§ EXERCISE INSTRUCTIONS
Every line from the one that contains "IVECCO/SUPERIOR PAK in" to the end of the records must be restated word for word. No other line belongs in the answer.

§ DATASET
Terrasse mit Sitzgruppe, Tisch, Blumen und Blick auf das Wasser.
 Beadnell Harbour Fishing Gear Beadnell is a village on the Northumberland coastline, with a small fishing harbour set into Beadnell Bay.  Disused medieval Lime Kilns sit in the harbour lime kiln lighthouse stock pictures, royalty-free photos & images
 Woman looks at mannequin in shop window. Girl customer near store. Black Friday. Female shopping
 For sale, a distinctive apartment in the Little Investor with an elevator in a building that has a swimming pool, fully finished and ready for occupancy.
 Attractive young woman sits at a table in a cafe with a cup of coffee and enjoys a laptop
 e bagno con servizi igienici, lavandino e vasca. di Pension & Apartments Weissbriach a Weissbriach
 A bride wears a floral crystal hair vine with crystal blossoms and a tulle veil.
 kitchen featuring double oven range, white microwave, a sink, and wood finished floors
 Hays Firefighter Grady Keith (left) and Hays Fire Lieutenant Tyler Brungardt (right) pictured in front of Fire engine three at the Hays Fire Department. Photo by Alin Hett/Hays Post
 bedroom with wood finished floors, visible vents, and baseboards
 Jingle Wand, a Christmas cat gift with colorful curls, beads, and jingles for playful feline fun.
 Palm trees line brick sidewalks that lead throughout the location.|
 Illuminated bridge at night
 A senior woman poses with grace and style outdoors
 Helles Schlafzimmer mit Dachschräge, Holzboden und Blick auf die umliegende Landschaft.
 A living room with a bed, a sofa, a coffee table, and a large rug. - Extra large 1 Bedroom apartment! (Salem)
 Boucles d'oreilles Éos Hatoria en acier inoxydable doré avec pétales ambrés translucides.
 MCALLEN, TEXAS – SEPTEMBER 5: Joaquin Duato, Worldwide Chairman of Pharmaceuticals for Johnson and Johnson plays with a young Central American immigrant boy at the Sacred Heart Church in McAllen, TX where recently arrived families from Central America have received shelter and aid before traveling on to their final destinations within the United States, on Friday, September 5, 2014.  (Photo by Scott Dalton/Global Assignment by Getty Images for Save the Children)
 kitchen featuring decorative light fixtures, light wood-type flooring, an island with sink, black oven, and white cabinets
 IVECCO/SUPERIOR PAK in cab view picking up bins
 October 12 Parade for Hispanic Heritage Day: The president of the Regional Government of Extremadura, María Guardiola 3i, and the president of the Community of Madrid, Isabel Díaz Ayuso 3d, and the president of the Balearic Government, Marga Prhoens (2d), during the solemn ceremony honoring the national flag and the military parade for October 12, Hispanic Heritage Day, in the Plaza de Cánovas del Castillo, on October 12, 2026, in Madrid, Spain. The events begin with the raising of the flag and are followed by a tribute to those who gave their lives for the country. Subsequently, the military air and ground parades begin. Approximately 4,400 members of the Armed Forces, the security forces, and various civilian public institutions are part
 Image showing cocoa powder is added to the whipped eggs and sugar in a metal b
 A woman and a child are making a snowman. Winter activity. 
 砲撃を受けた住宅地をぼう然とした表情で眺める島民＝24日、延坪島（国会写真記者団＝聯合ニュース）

§ TASK ANSWER
 IVECCO/SUPERIOR PAK in cab view picking up bins
 October 12 Parade for Hispanic Heritage Day: The president of the Regional Government of Extremadura, María Guardiola 3i, and the president of the Community of Madrid, Isabel Díaz Ayuso 3d, and the president of the Balearic Government, Marga Prhoens (2d), during the solemn ceremony honoring the national flag and the military parade for October 12, Hispanic Heritage Day, in the Plaza de Cánovas del Castillo, on October 12, 2026, in Madrid, Spain. The events begin with the raising of the flag and are followed by a tribute to those who gave their lives for the country. Subsequently, the military air and ground parades begin. Approximately 4,400 members of the Armed Forces, the security forces, and various civilian public institutions are part
 Image showing cocoa powder is added to the whipped eggs and sugar in a metal b
 A woman and a child are making a snowman. Winter activity. 
 砲撃を受けた住宅地をぼう然とした表情で眺める島民＝24日、延坪島（国会写真記者団＝聯合ニュース）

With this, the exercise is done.